MATERIAL PROVIDED ->
##########

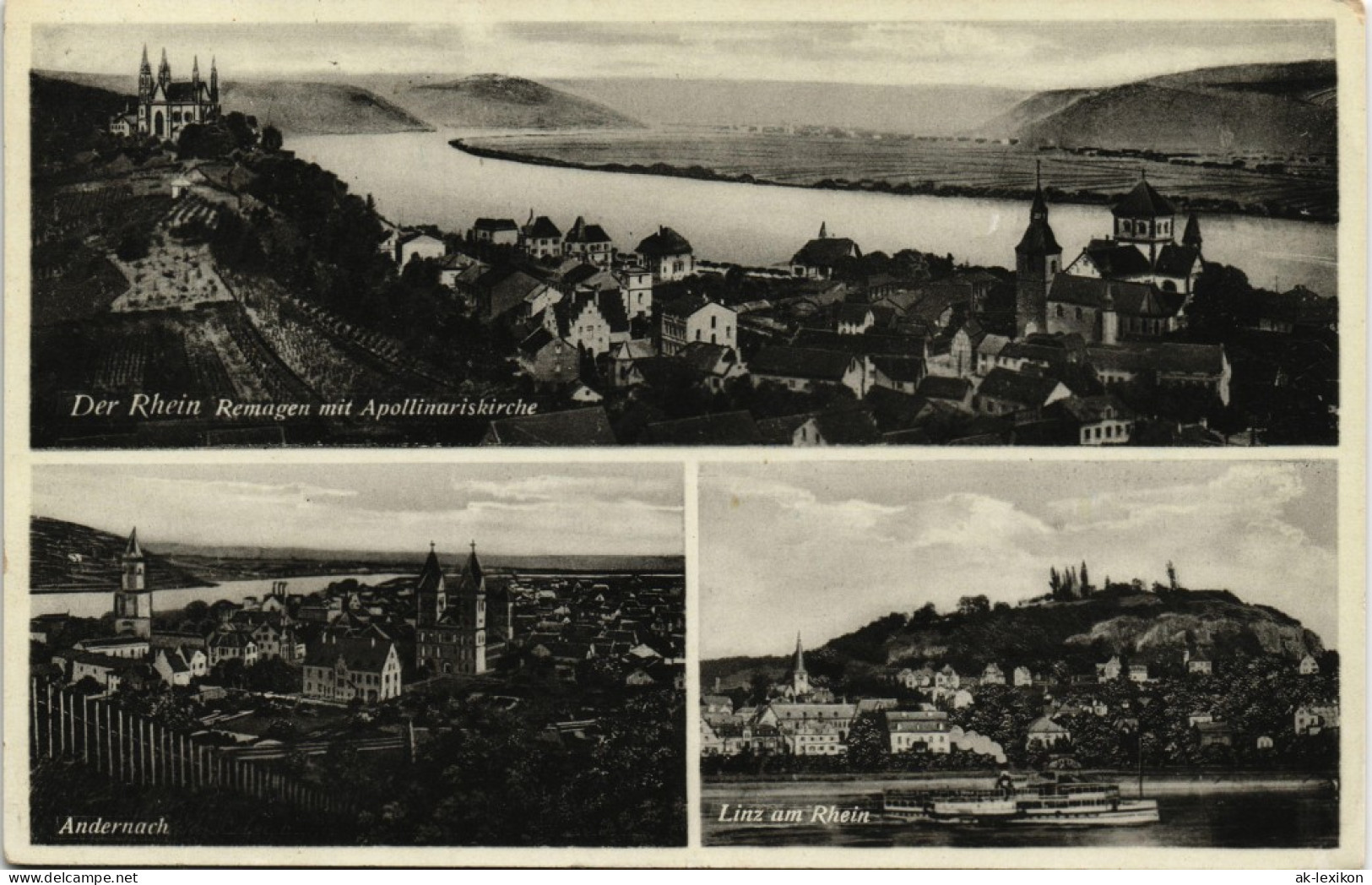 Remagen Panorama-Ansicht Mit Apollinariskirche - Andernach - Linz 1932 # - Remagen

##########

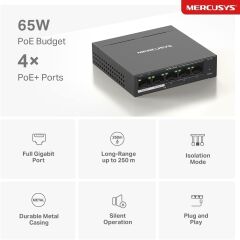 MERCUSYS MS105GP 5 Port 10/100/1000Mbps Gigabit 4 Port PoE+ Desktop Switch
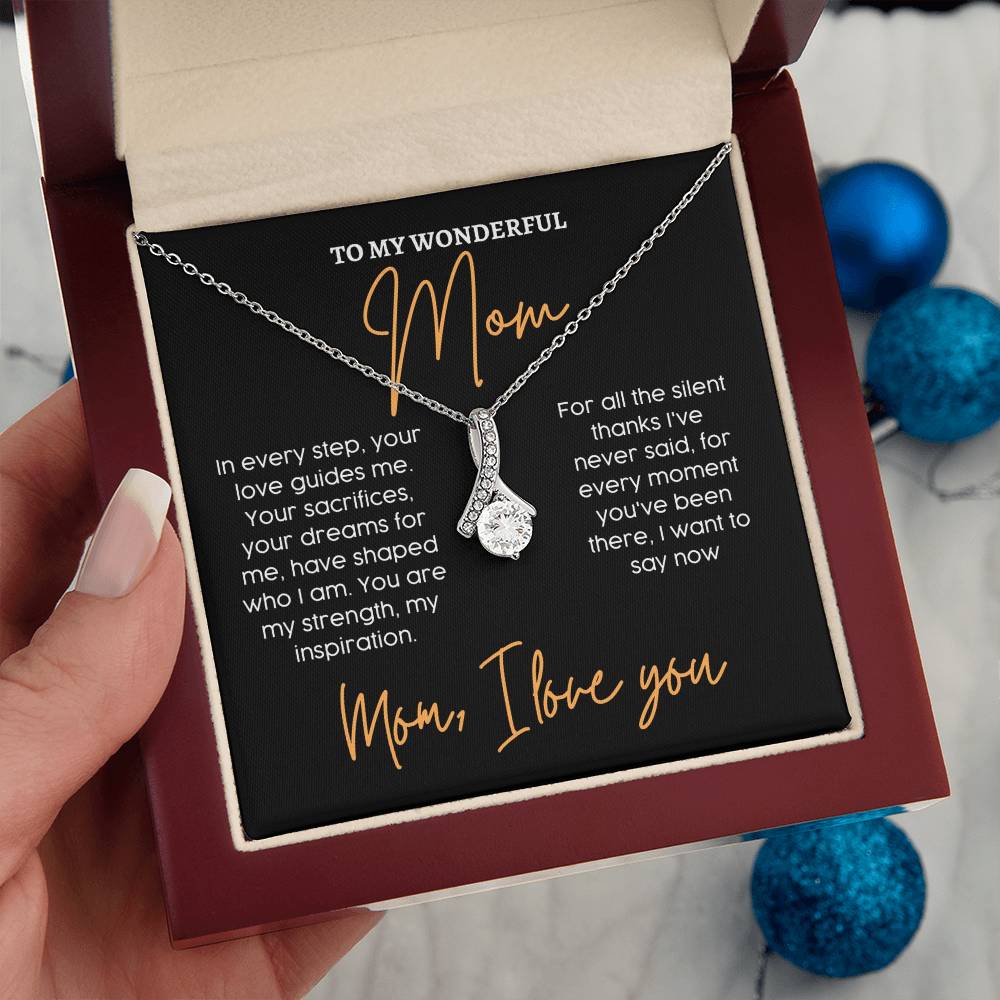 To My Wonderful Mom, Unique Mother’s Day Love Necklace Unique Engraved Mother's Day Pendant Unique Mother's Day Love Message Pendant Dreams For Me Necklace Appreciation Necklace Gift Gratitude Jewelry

##########

BRIEF -> For this exercise, return exactly the lines above from the line with "MERCUSYS MS105GP 5" through the line with "To My Wonderful", both included. Do not copy the pictures.

RESULT ->
 MERCUSYS MS105GP 5 Port 10/100/1000Mbps Gigabit 4 Port PoE+ Desktop Switch
 To My Wonderful Mom, Unique Mother’s Day Love Necklace Unique Engraved Mother's Day Pendant Unique Mother's Day Love Message Pendant Dreams For Me Necklace Appreciation Necklace Gift Gratitude Jewelry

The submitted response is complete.